Looking at these photos makes me feel old. It's been six years and yet it seems like just a short time ago - January 25, 2003. From the day his unit was activated, we had one short week to come to the realization that our son was heading off to war. One week to get his affairs in order - Power of Attorney, Last Will and Testament. On September 11, 2001, I knew in my soul that this day would come - but I was never prepared for the emotional toll it would take on all of our lives, and how I would come to lean on my family and friends more than ever. On this morning, all of the families met at the South Bend Armory to say "good-bye". TV stations were there, doing interviews.

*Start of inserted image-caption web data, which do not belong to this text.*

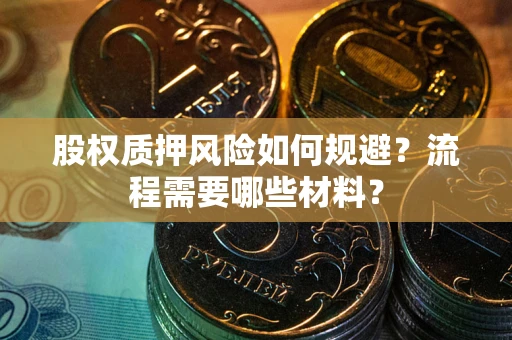 北京股权质押风险如何规避？流程需要哪些材料？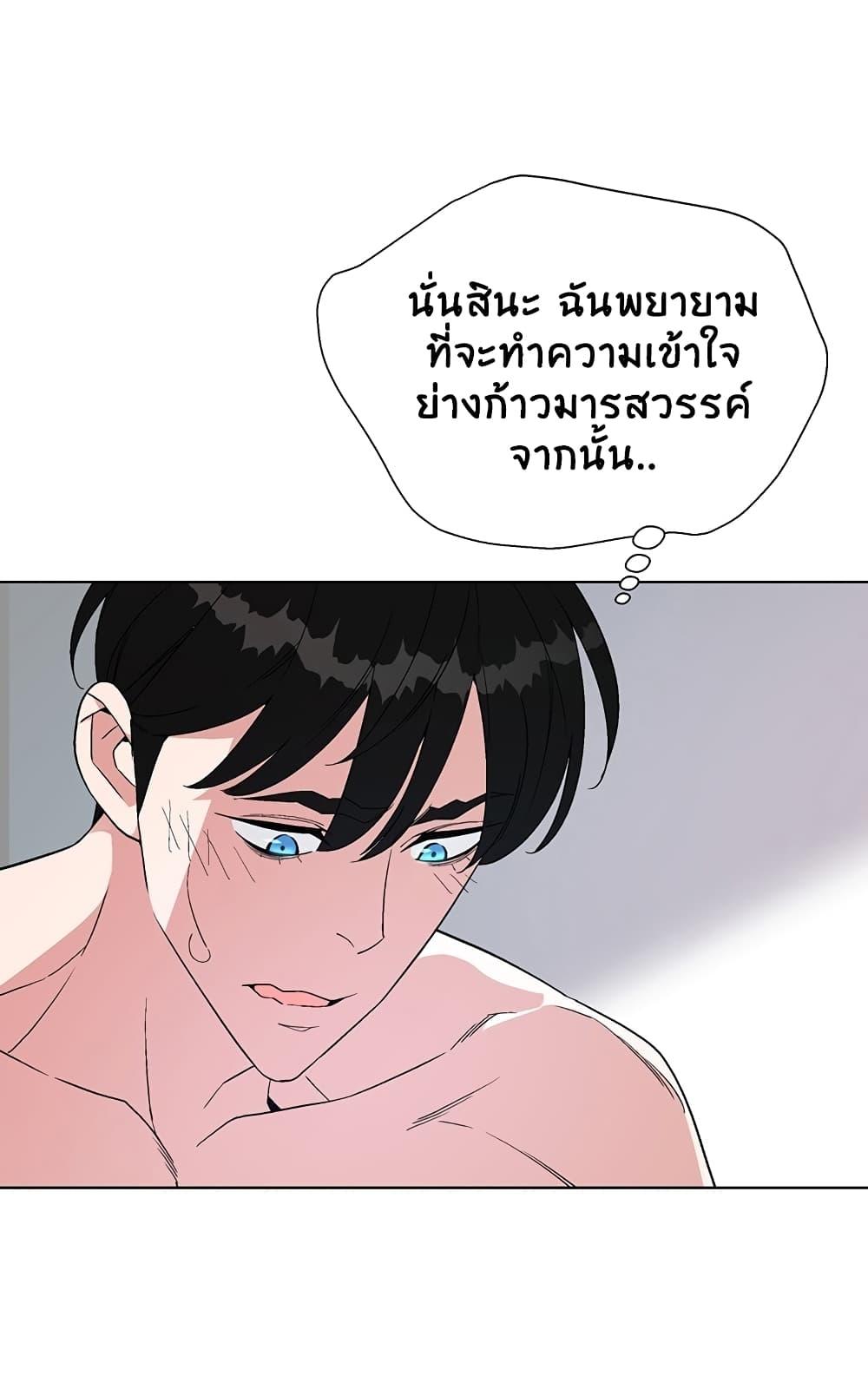 Heavenly Demon Instructor ตอนที่ 10 แปลไทย รูปที่ 4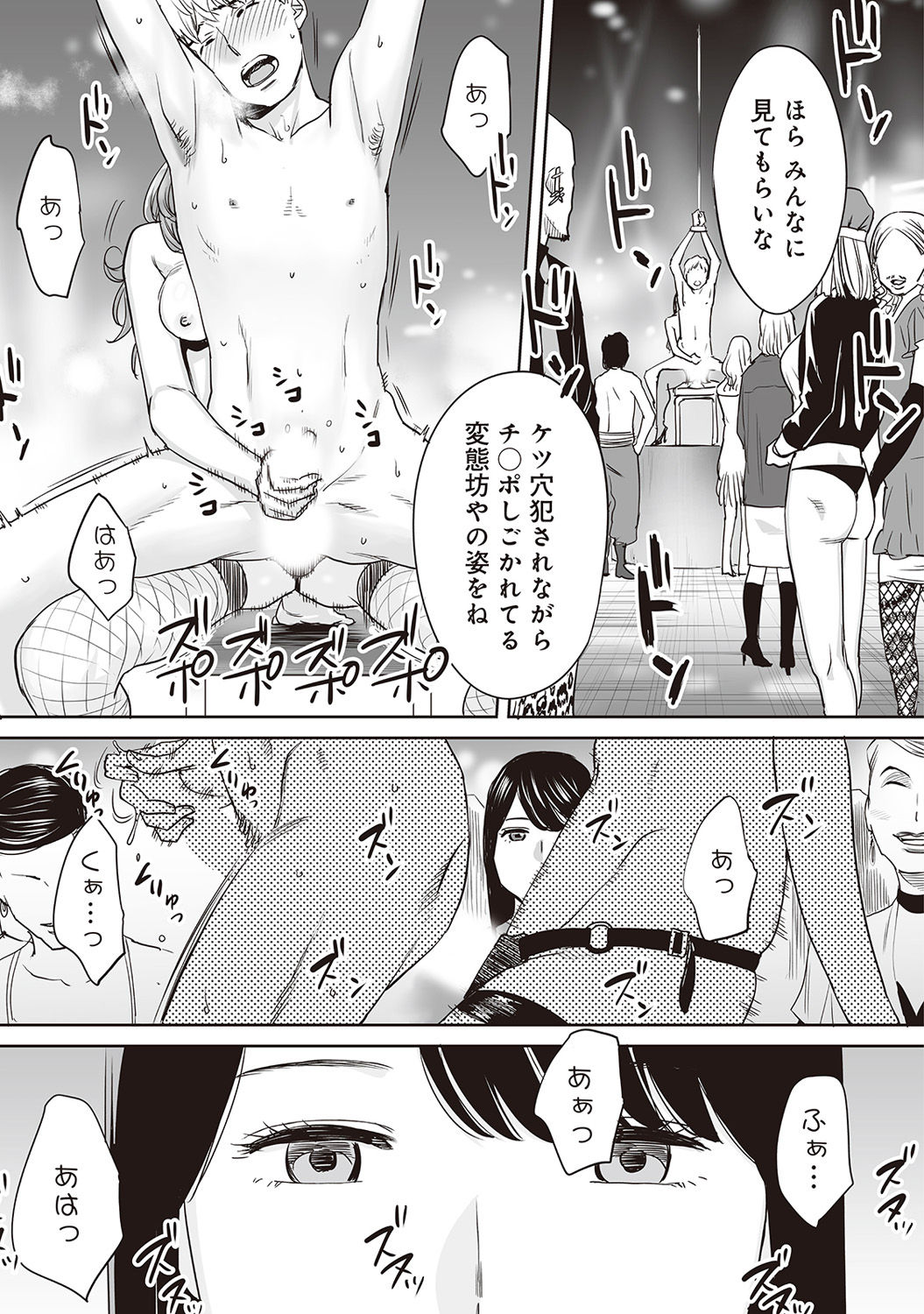 COMIC Ananga Ranga Vol. 42 - Page 337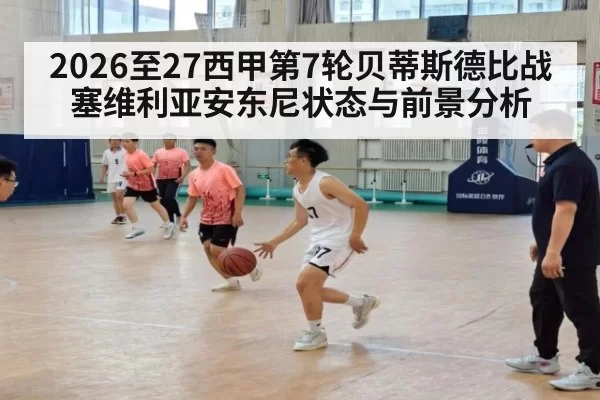 2026至27西甲第7轮贝蒂斯德比战塞维利亚安东尼状态与前景分析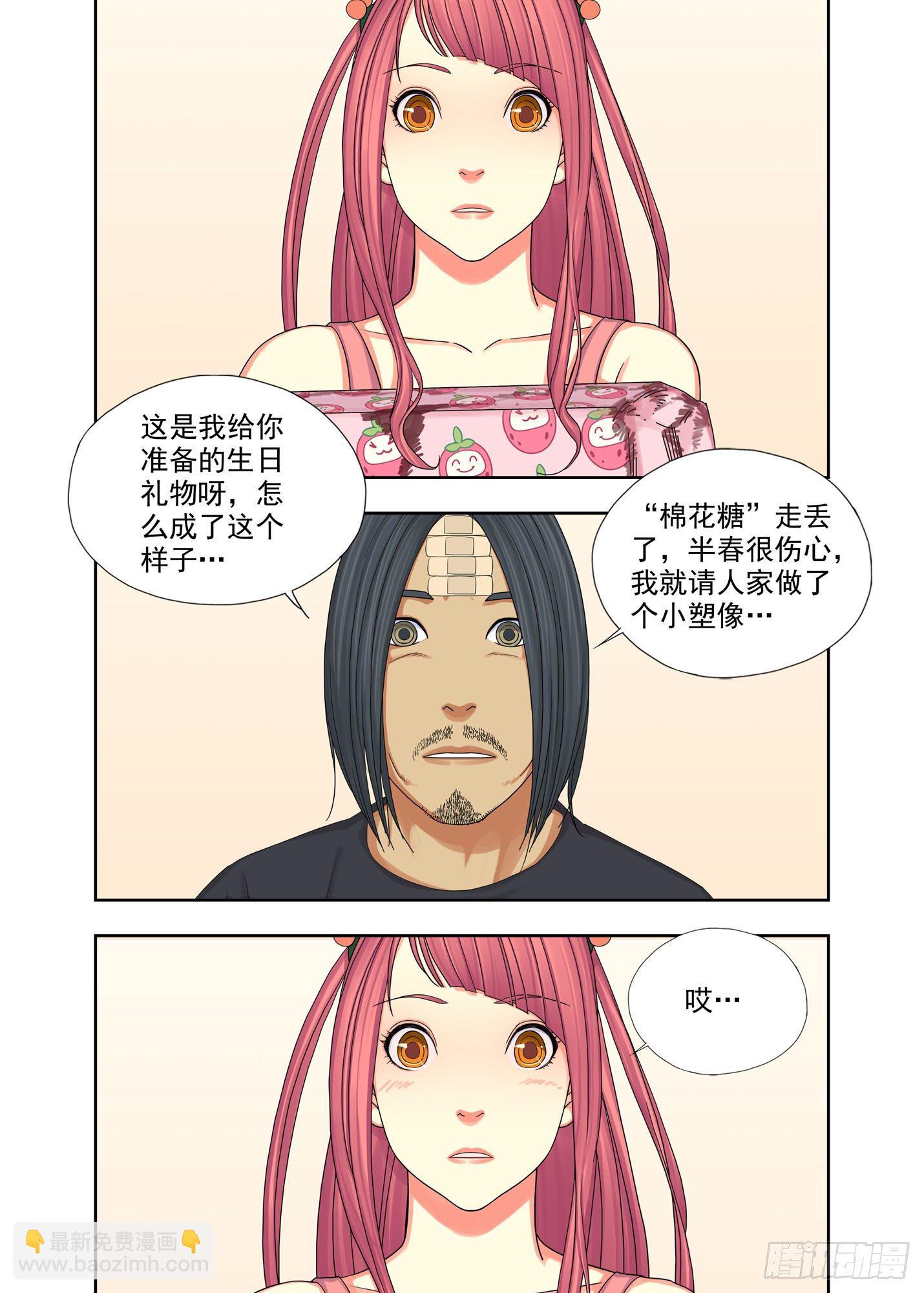 生日礼物-第182话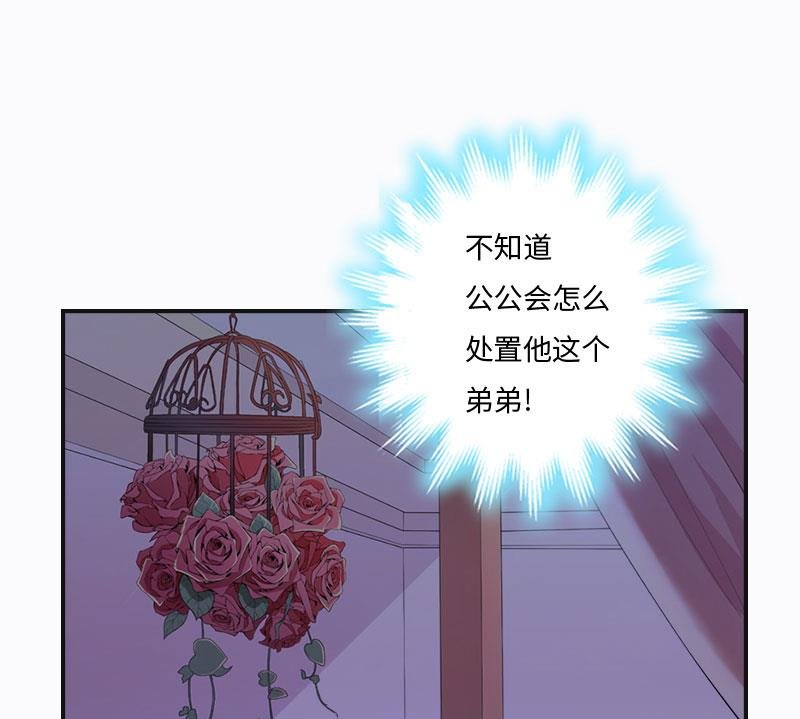 第7话 撞破”奸情“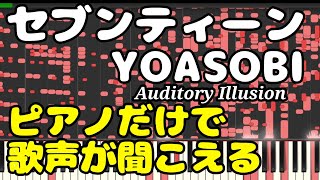 【音の錯覚】セブンティーン YOASOBI ピアノだけで歌声が聞こえる不思議！ [upl. by Nilson]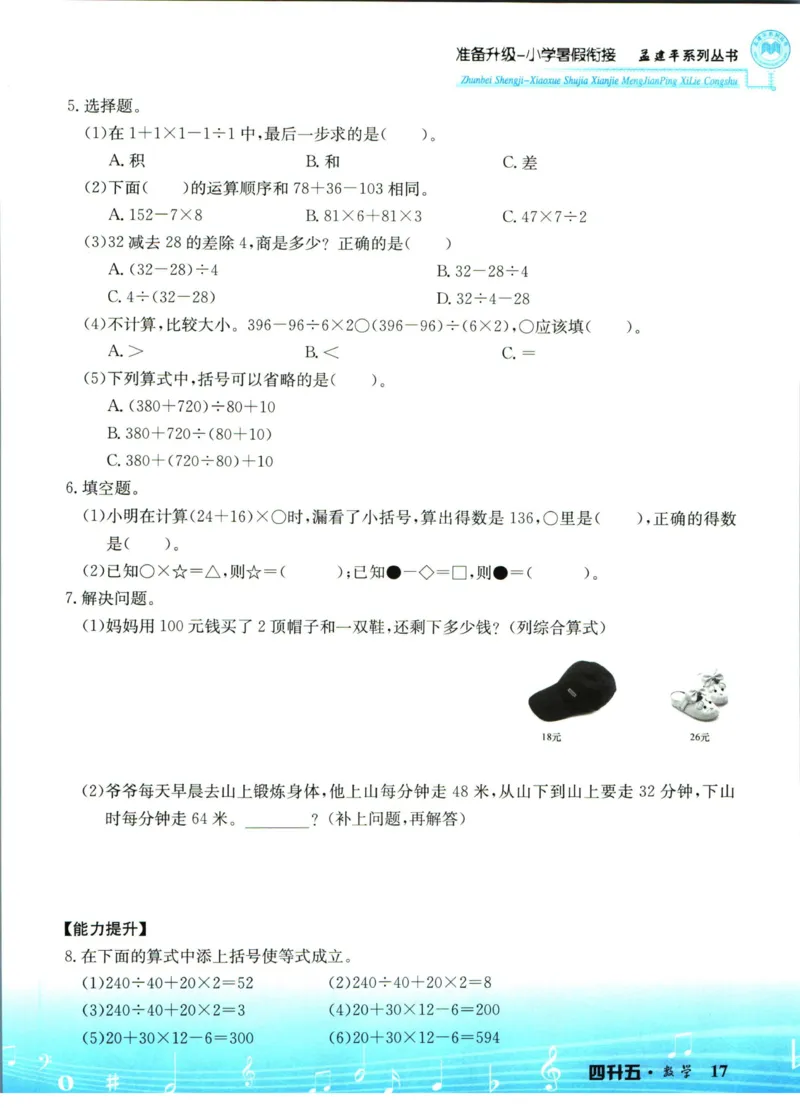 孟建平暑假衔接四升五数学_小学资料合集_2025版小学《孟建平暑假衔接》数学+语文_孟建平暑假衔接数学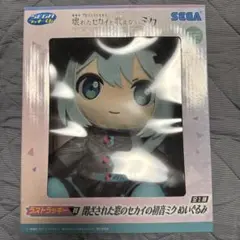 SEGAくじ ラストラッキー賞 閉ざされた窓のセカイの初音ミク ぬいぐるみ
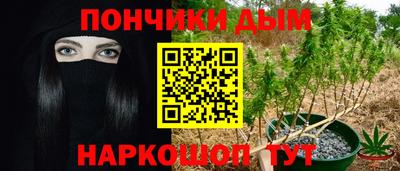 mdma Обь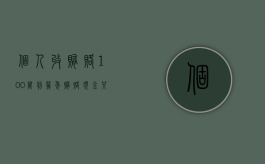 个人收贿赂100万判几年（贿赂现金 只有口供 监委立案）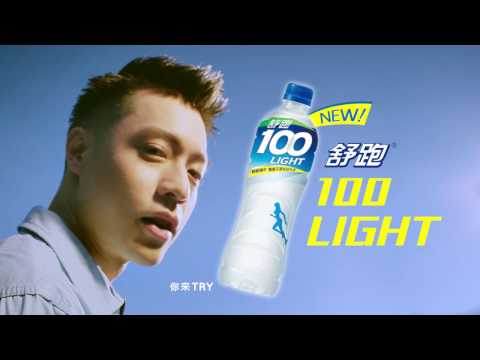 舒跑100Light 15秒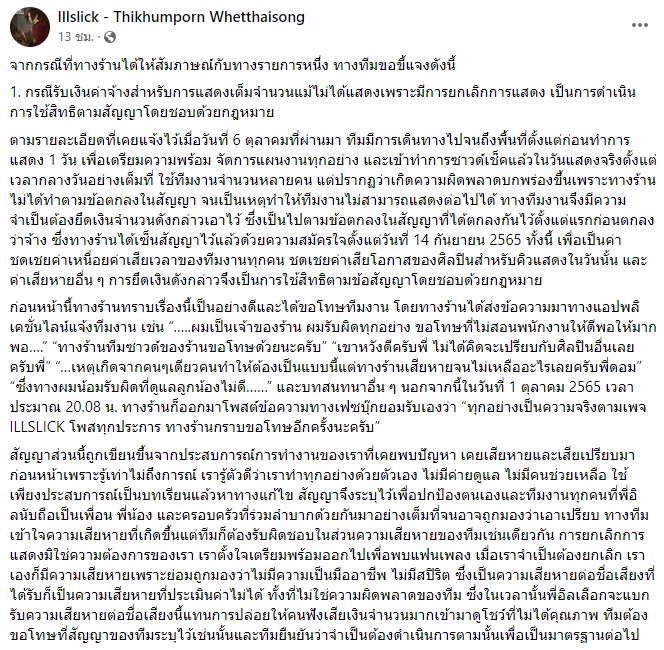 อิลสลิก ออกโรงชี้แจงปมดราม่า หลังเจ้าของร้านแถลงโต้กลับ อิลสลิก ออกโรงชี้แจงปมดราม่า หลังเจ้าของร้านแถลงโต้กลับ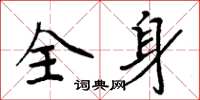 周炳元全身楷書怎么寫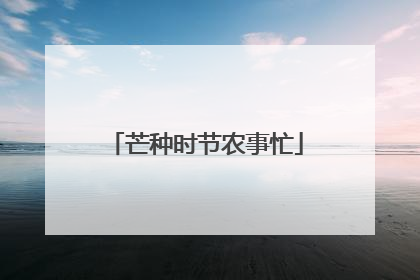 芒种时节农事忙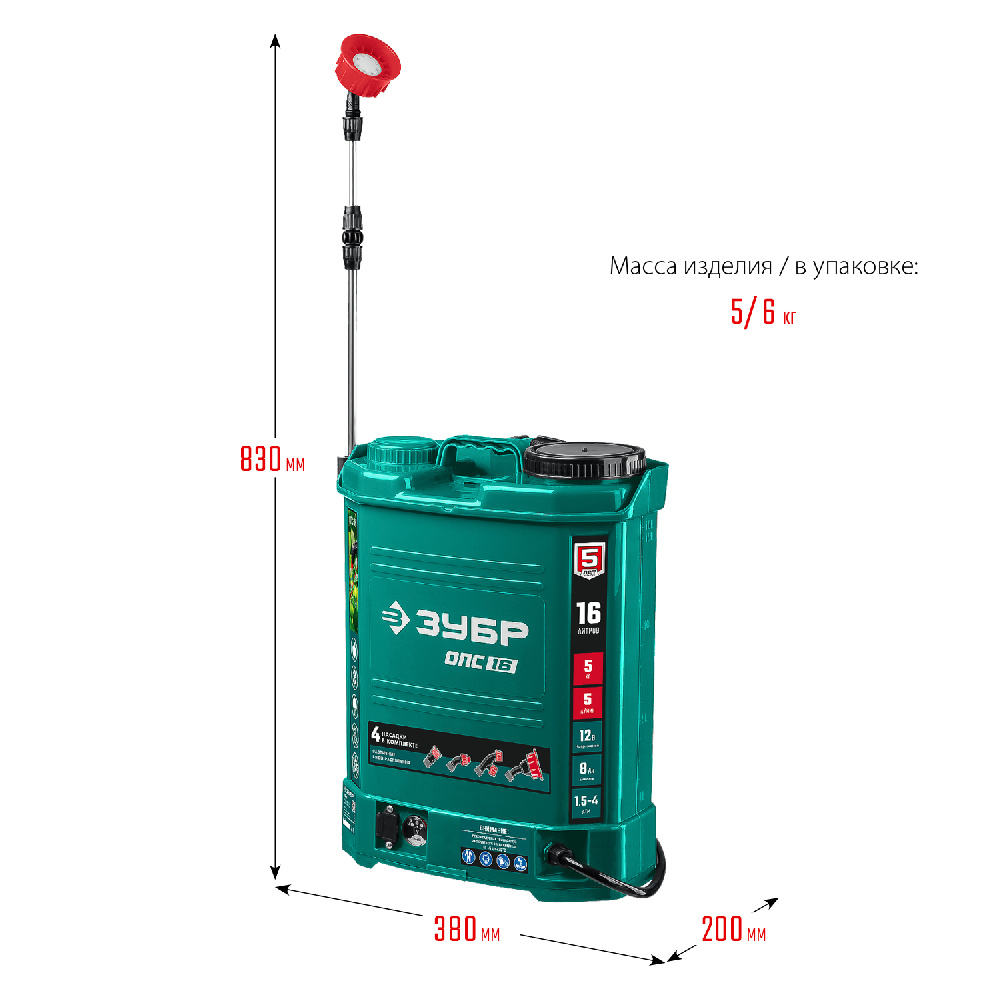 Опрыскиватель садовый ранцевый аккумуляторный ОПС-16 Мастер ЗУБР, 16л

Lots of photos were taken and lots of tears were shed. Our family did receive a short "reprieve". While most of the unit flew out on this day, the commanding officer and a select few remained behind for a few more days to make sure that all the heavy equipment was loaded correctly. This small group flew out on Monday morning. Chrissie had gone back to college and Kevin and Kelli had gone on to school (at Bobby's request). Bob and I, along with Carrie and Katie and Colleen went to the Armory on Monday morning to say "good-bye". Unlike Saturday - when it had been packed with news crews and families and Marines, on this morning, it was just us - two parents, three sisters and one soldier. I remember standing there for a few minutes, making small talk - no one wanting to make the first move. And then Bob pulled Bobby into his arms and hugged him. I remember all of us in one giant group hug, with tears flowing and prayers being said. And then he walked away.
I sat in my car and watched as the van pulled away to take him to the airport. I sat in my car and cried and then I got myself together and went to work and tried to keep my life as normal as possible for the next six months - until he walked back into our arms.